I completed my matric at M.H.Joosub Secondary School in Lenasia and after that; I took a year to do some voluntary work in my community. From there, I spent most of my academic years with several youth organizations, including South Africa’s leading youth empowerment initiative, The New loveLife Trust. During these years with the organization, I received accolades for one of the best Peer Mobilizers, Marketing Strategist, Team Coaching, Programme Implementation, Event and Project Management, Stake Holder Management, and Community Mobilization.
Your take on education in this youth month
The current state of education in South Africa is a worry to me. I was reading a recent Mail & Guardian article that states that 80% of schools could be ‘dysfunctional’. Newer statistics further suggest that South African pupils lack basic skills and knowledge compared to their peers around the world; and also the education standards are, in general, very poor.
However, there is a big divide in the school system. This makes me wonder if all the lost lives during the 1976 Soweto uprising riots were really worth it. Is this what fallen icons like Tsietsi Mashinini really fought for?

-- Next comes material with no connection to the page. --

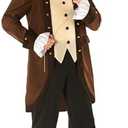 Morph Benjamin Franklin Costume With Wig Founding Fathers Costume Adult Colonial Outfit Men Ben Franklin Outfit Men 2XL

What do you make of the challenges youth face?
The struggle faced by youth in South Africa is being lost. A lot of young people don’t really know where to fit in; they don’t know who they are, what they want, and where to get it from. As if that’s not enough, they have to face the reality of being trapped in the matrix, being indoctrinated with the Western lifestyle by the media and made to believe that they are worthless without money. That is why today’s youth are suffering from depression, anxiety and low self-esteem.
How realistic are opportunities for young people?
Not really realistic. Due to the elusive statistical nightmare of corruption in our country, young people are snubbed from empowering programmes. Nepotism has taken over and a lot of young, talented people are being deprived of these opportunities because of that.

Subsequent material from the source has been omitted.